Contact us if you would like to visit our mill. We enjoy showing off our mill and farm to visitors. If you can't visit in person to the mill, here is a brief tour of how the mill operates.
Fingerlakes Woolen Mill may not be the largest mill in the country but the manner
in which we make yarn and the equipment we use are no different than those used
in the largest mill you might know. We make yarn using the woolen system (as
opposed to worsted) and whether we are using wool from sheep, hair from angora
rabbits, silk, or synthetics, the process is nearly the same. I'll walk you
through the various steps and show you some pictures along the way.
For our yarns we purchase U.S. grease wool mostly from local
sources. Angora comes both from domestic and outside sources and silk comes to
us from China. We use a high grade of wool, meaning it is very fine, very
smooth, and has a very soft touch. If the shepherd and shearer have done their
job they have removed belly and leg wool, manure tags, and portions of the fleece
that may have excessive amounts of vegetable matter (usually the neck). The
wool normally comes to us in burlap bags weighing 150 to 200 pounds each.
Fibers to be processed can not contain all the natural oils
and greases produced by the animal. Sheep can produce a lot of grease and
fine-fibered breeds such as Merino and Rambouillet (the French type of Merino)
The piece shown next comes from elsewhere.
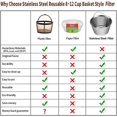 thumbnail image 3 of 8-12 Cup Reusable Basket Coffee Filters, Perfect Fit for Mr. Coffee, Black & Decker, Krups Coffee Makers, 3 of 7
have more than others. Most of this has to be removed and the process is called
scouring. In our operation this washing is done either by us for small custom
work jobs and natural colored wool or, in the case of our own yarns, by an
outside firm that does commercial scouring. The wool goes through five vats of
hot water and detergent that progressively remove most water soluble oils and a
lot of other "junk." It is dried in an oven and then compressed in a
600 pound bale to be returned to the mill.
Angora, silks and synthetics need not be scoured because they have virtually
no oil on the fibers.
Once the wool is scoured it can be sent to a dye house that will
bale-dye the fibers to predetermined solid colors.
Picking and blending
From this point on all work is done in the mill. With
any one type of yarn we may be working with upwards of three colors of wool or
perhaps several different types of fibers. Two things must happen at this
point. The fibers must be opened, meaning that we must begin to separate the
fibers that hold together in little clumps and, two, we must blend the
different colors or different fibers evenly. In our operation this is a
continuous, although a two-stage process. Fibers and colors are layered in the
picker feedbox which then feeds them to the picker and from the picker the
fibers are blown into a large room for collection. Depending on the fibers
being spun, sometimes the different fibers must be picked first by themselves,
then blended with wool. Blending takes place in the feedbox, in the picker and
in the blow room as the fibers are homogenized by the blowing air. This process
may be repeated several times if necessary. Several things happen as the result
of picking - fibers are opened, fibers are blended and the picking loosens dirt
and vegetable matter in the wool which results in cleaner fibers (and yarn).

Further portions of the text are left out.